[YOUR OBJECTIVE] Where an entry holds an image, skip the image but reproduce the rest word for word.

*** Opening SUPPLIED RECORDS ***

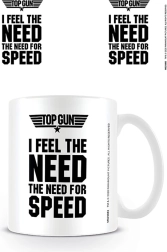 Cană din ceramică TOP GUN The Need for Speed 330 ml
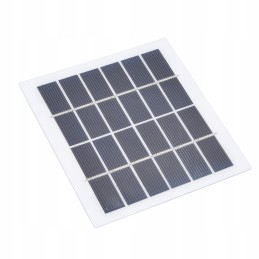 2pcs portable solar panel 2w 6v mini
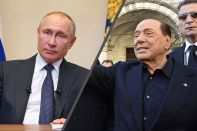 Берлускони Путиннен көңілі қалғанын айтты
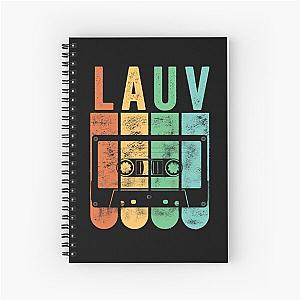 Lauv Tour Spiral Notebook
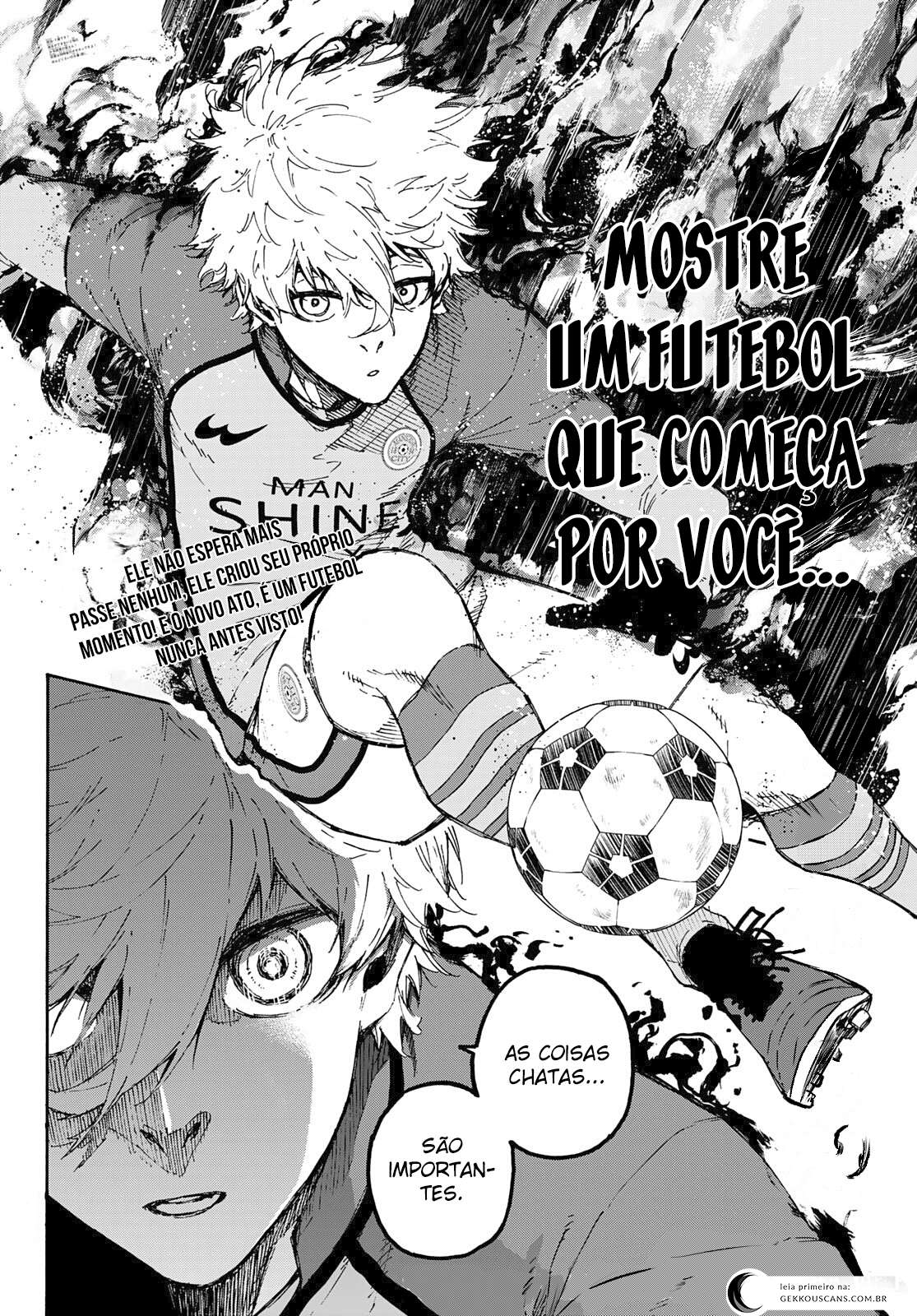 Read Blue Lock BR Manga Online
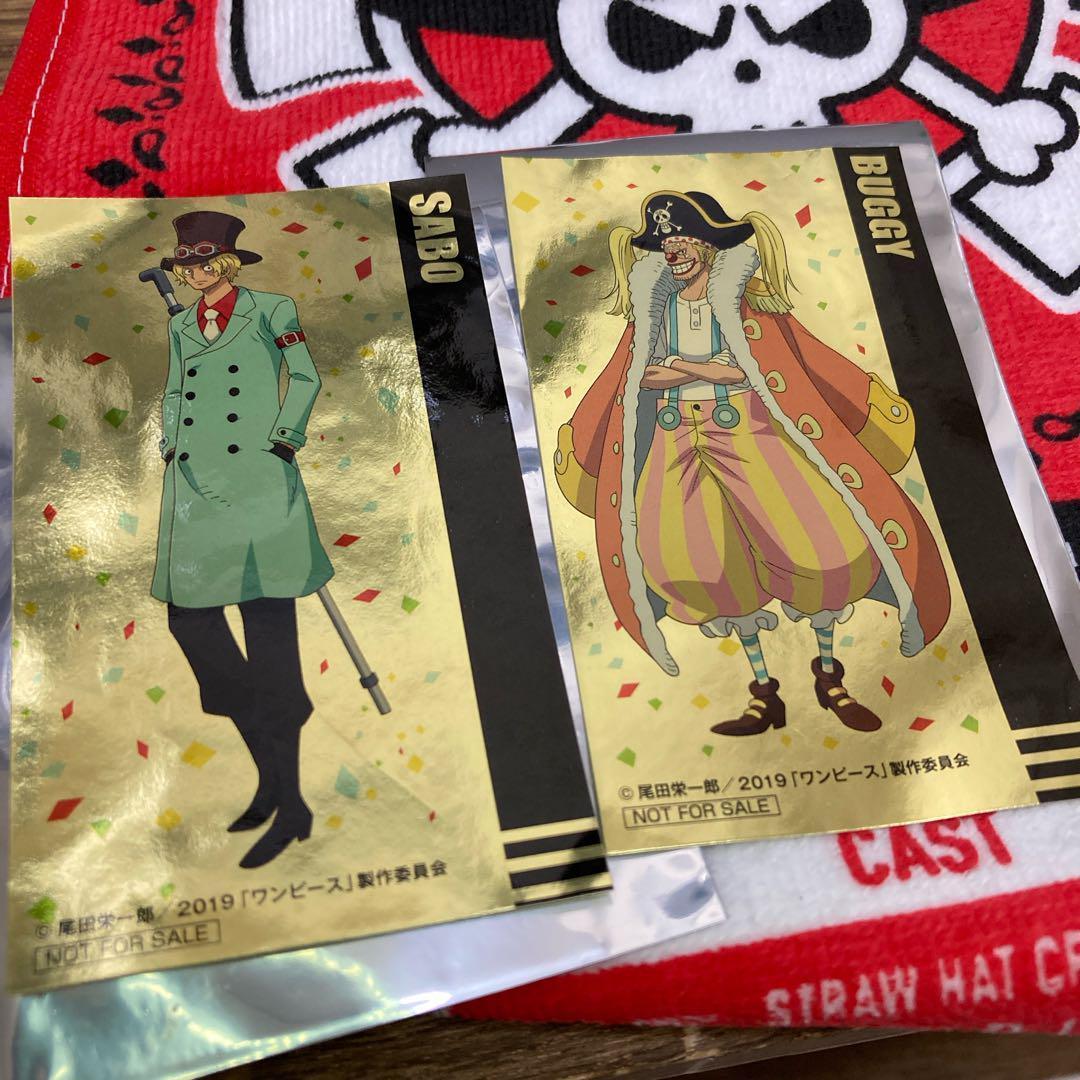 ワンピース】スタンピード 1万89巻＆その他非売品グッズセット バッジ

*** Closing SUPPLIED RECORDS ***

[RESPONSE AREA]
 Cană din ceramică TOP GUN The Need for Speed 330 ml
 2pcs portable solar panel 2w 6v mini
 Берлускони Путиннен көңілі қалғанын айтты
 Lauv Tour Spiral Notebook
 Read Blue Lock BR Manga Online
 ワンピース】スタンピード 1万89巻＆その他非売品グッズセット バッジ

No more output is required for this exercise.